[tweetmeme] I mentioned John Mearsheimer’s lecture on the current impossibility of a two-state solution between Israel and Palestine. The lecture, entitled “The Future of Palestine: Righteous Jews vs. the New Afrikaners,” was an academic eulogy for the the state of Palestine: “Regrettably, the two-state solution is now a fantasy”. It is a great talk – even if you don’t agree with Prof. Mearsheimer – and worth watching. I have having trouble embedding the video, though the video, as well as the transcript and the audio can be found at the Palestine Center webpage. A teaser:
Given present circumstances there are four possible futures for Palestine.
The outcome that gets the most attention these days is the two-state solution, which was described in broad outline by President Clinton in late December 2000. It would obviously involve creating a Palestinian state living side-by-side with Israel. To be viable, that Palestine state would have to control 95 percent or more of the West Bank and all of Gaza. There would also have to be territorial swaps to compensate the Palestinians for those small pieces of West Bank territory that Israel got to keep in the final agreement. East Jerusalem would be the capital of the new Palestinian state. The Clinton Parameters envisioned certain restrictions on the new state’s military capabilities, but it would control the water beneath it, the air space above it, and its own borders – to include the Jordan River Valley.

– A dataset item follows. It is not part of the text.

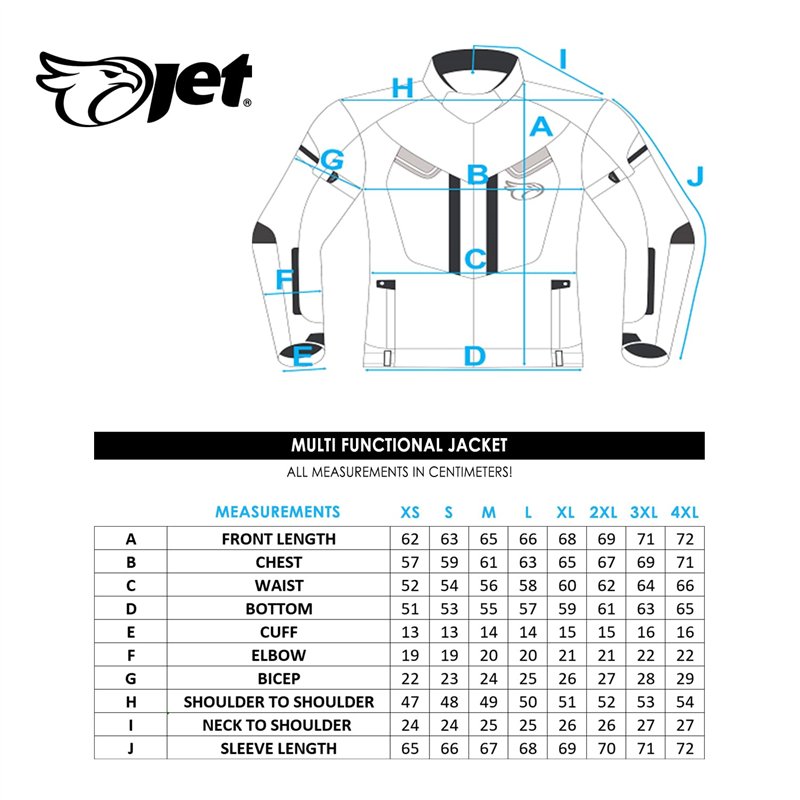 Image secondaire de JET Blouson moto imperméable avec armure veste moto multi fonctionnel textile (Noir, 2XL (EU 54-56))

There are three possible alternatives to a two-state solution, all of which involve creating a Greater Israel – an Israel that effectively controls the West Bank and Gaza.
In the first scenario, Greater Israel would become a democratic bi-national state in which Palestinians and Jews enjoy equal political rights. This solution has been suggested by a handful of Jews and a growing number of Palestinians. However, it would mean abandoning the original Zionist vision of a Jewish state, since the Palestinians would eventually outnumber the Jews in Greater Israel.

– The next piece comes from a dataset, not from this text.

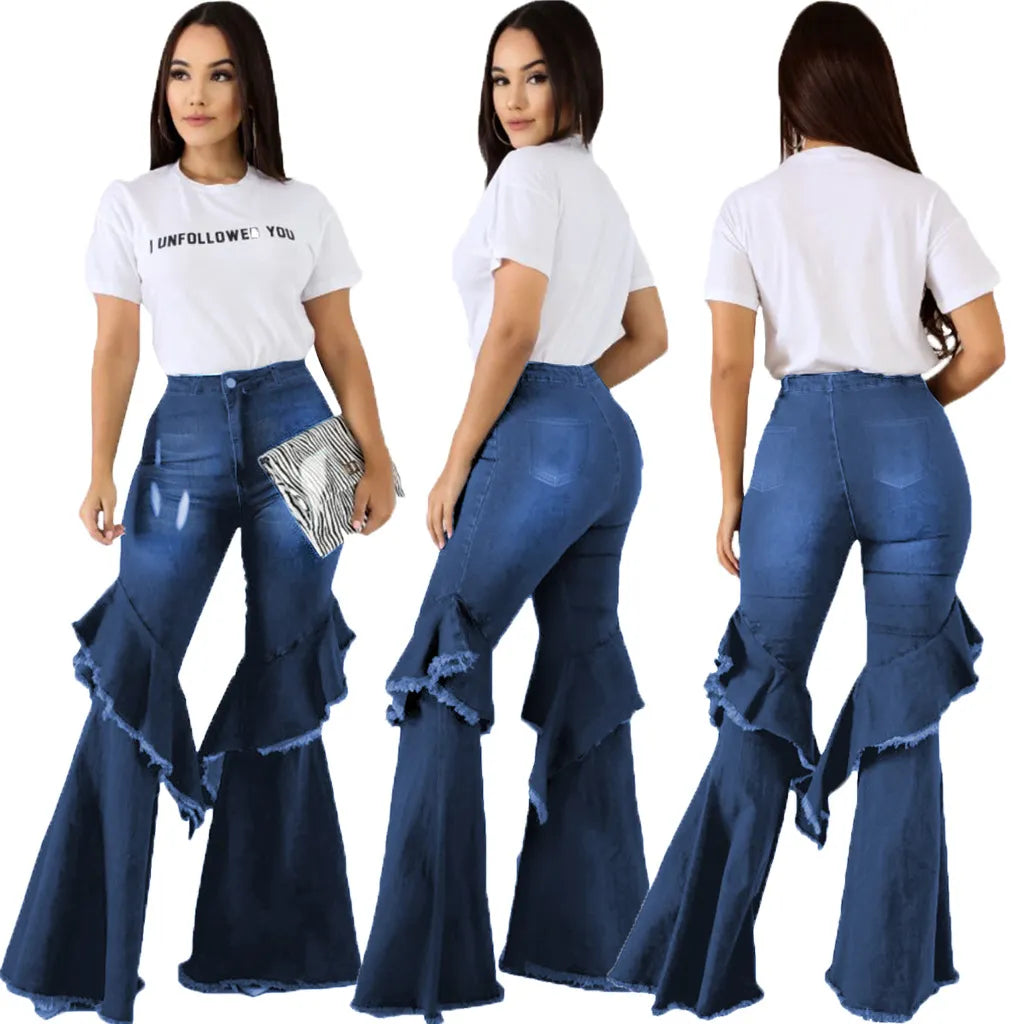 Loose Fringe Flared Jeans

Second, Israel could expel most of the Palestinians from Greater Israel, thereby preserving its Jewish character through an overt act of ethnic cleansing. This is what happened in 1948 when the Zionists drove roughly 700,000 Palestinians out of the territory that became the new state of Israel, and then prevented them from returning to their homes. Following the Six Day War in 1967, Israel expelled between 100,000 and 260,000 Palestinians from the newly conquered West Bank and drove 80,000 Syrians from the Golan Heights. The scale of the expulsion, however, would have to be even greater this time, because there are about 5.5 million Palestinians living between the Jordan and the Mediterranean.
The final alternative to a two-state solution is some form of apartheid, whereby Israel increases its control over the Occupied Territories, but allows the Palestinians to exercise limited autonomy in a set of disconnected and economically crippled enclaves.